PROBLEM: With the pictures left aside, write out exactly the lines of the listing below from the line with "Ximena Navarrete, feliz como mamá" to the line with "Receita de batata", both included, and only those.

TASK INPUT:

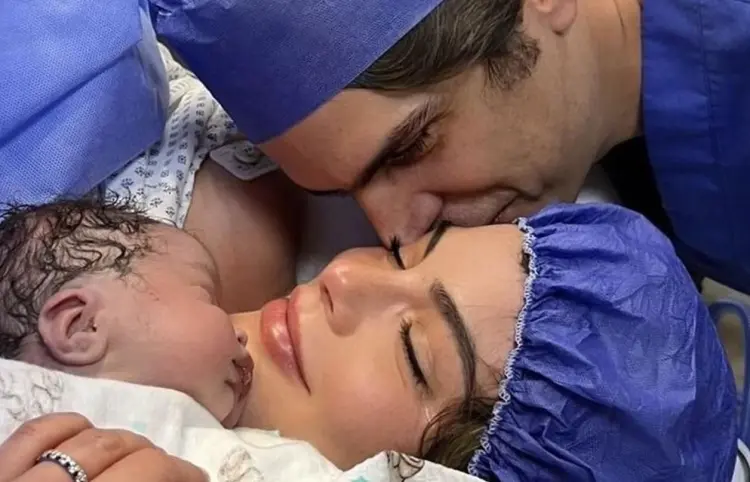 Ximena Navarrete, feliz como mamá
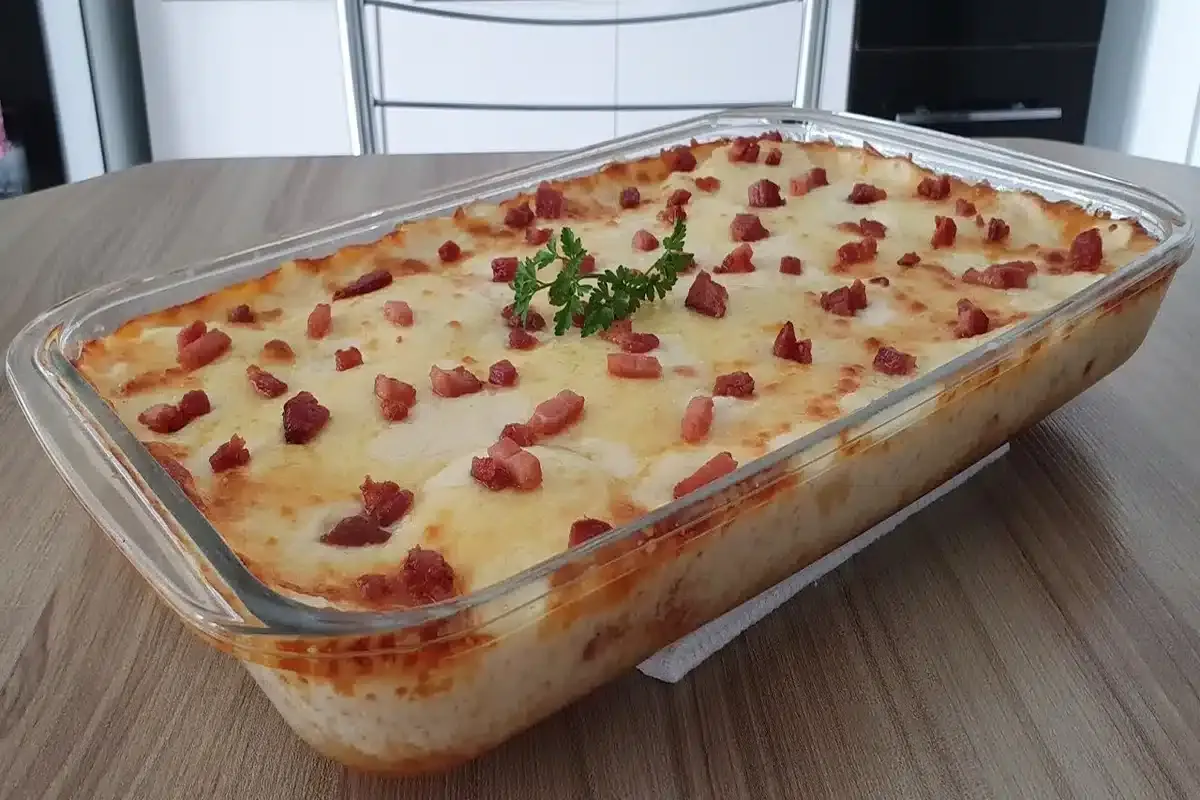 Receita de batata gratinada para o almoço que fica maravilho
---
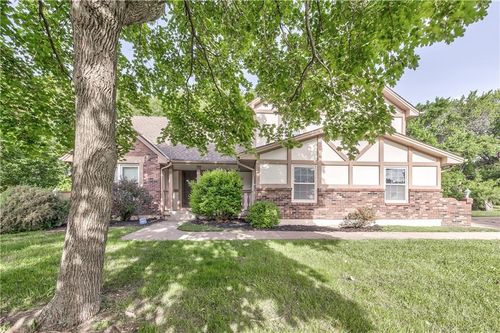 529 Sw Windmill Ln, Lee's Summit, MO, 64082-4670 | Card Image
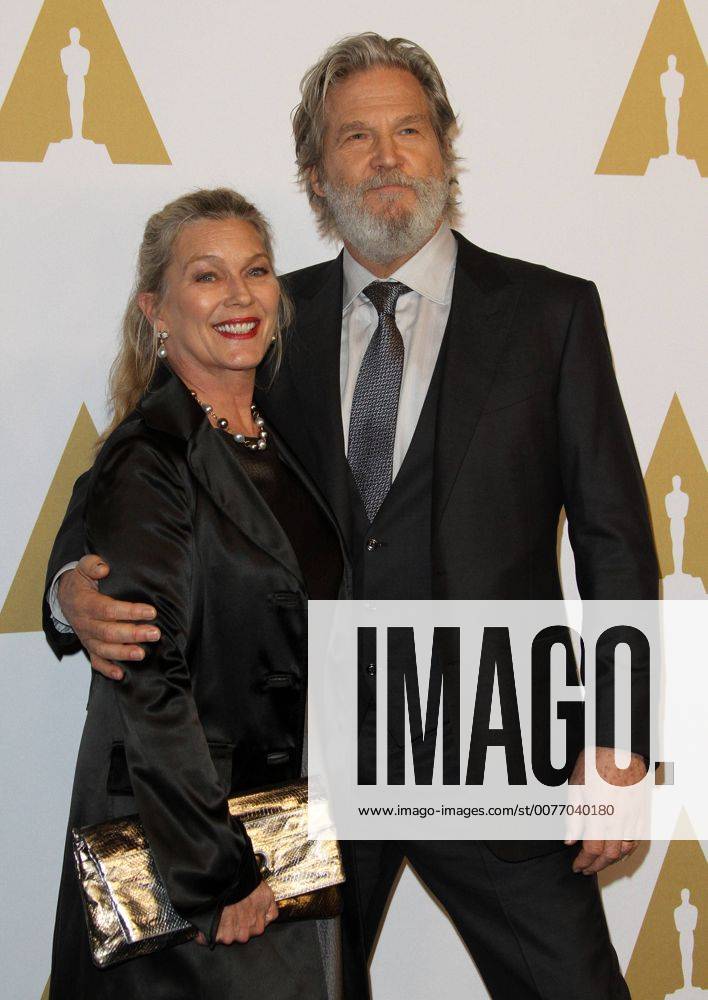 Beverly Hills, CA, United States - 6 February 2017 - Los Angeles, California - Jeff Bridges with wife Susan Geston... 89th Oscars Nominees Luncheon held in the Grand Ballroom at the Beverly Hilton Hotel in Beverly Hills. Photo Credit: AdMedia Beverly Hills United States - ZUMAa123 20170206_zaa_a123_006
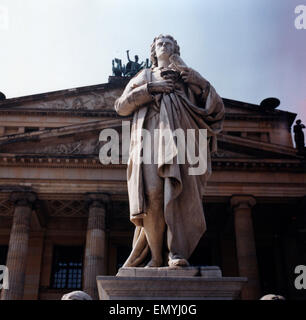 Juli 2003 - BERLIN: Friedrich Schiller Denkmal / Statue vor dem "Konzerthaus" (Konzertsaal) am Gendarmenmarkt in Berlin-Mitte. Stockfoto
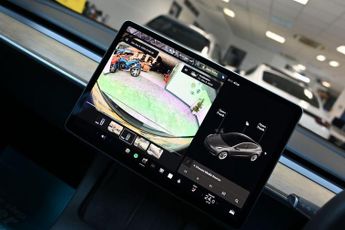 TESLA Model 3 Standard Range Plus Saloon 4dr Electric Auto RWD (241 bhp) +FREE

SOLUTION FOR THIS PROBLEM:
 Ximena Navarrete, feliz como mamá
 Receita de batata gratinada para o almoço que fica maravilho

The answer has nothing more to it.